Photography has been hit particularly hard and here are 5 lessons we can take to help improve our businesses going forward.
Gear means nothing
It’s times like this that it really hits home that having ~£20k worth a gear sat on a shelf in the studio, does nothing but massage the ego.
It’s time to start looking at all the gear and deciding what you actually need to carry out jobs and which were just purchases because you simply thought you had to have them.
I’ve been working from home for the last two weeks, using my old Canon 1ds mk3 and a 24-105mm lens, which could probably be picked up for a few hundred quid. I’m still managing to complete jobs and that setup has easily made me over 10x its value back in such a short space of time.
As you can tell, this camera has seen better days but it still takes great pictures!
Keep excess spending down
As well as your kit, it’s time to look at what else you are spending money on in your business and how you can trim off the excess.
Now is not the time to have huge loans out and a car lead which you cannot afford.
If you want your business to survive you need to be keeping money in it for a rainy day and I think there are many more rainy days to come before we see the sun again.

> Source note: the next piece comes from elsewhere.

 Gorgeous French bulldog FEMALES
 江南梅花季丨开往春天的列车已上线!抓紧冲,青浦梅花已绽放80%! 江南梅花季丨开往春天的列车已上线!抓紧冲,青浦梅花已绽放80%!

You need to keep making money
This one may seem obvious but cash flow is king.
If you’re stuck in your house, see what you have around you which can help you continue working.
I’ve converted a spare room into a small studio which allows me to continue serving clients even though I can’t physically leave the house.
If you don’t have this available to you, how else can you make money?
Now is not the time to be proud.
Look at what excess equipment you have lying around, can you sell something that you haven’t used in a while to cover any bills?
Take a look through your kit bag, is there anything in there you don’t need?
Keep a pot of savings
If you have been spending all your money between jobs, then it’s likely that this pinch has hit you harder than most.
Going forward, it is worth putting at least 20% of your monthly profit away until you have a healthy savings account.
ISAs and shares are a great way of making your money work a little harder but at times like this, they will be taking a downward turn too.
I try to keep at least 6 months of wages in the bank, this relieves a huge amount of stress and allows you to concentrate on growing your business at this time rather than panicking how you are going to make rent.
Keep opening your mail
There is a lot of contradictory advice going on at the moment about what financial aid is available to different businesses
Make sure that your accountant is keeping you up to speed with all the change and that you’re not avoiding letters which look like they are from HMRC.
Now is a great time to be updating all your accounts and putting any receipts through, if you have anything outstanding, make sure it is paid.
Let’s end it with a positive…
Although the creative industry has taken a downturn as whole, I’ve been encouraged by the amount of clients reaching out still wanting to pass work my way.
When this all comes to an end, and it will soon, there is still a huge need for photography.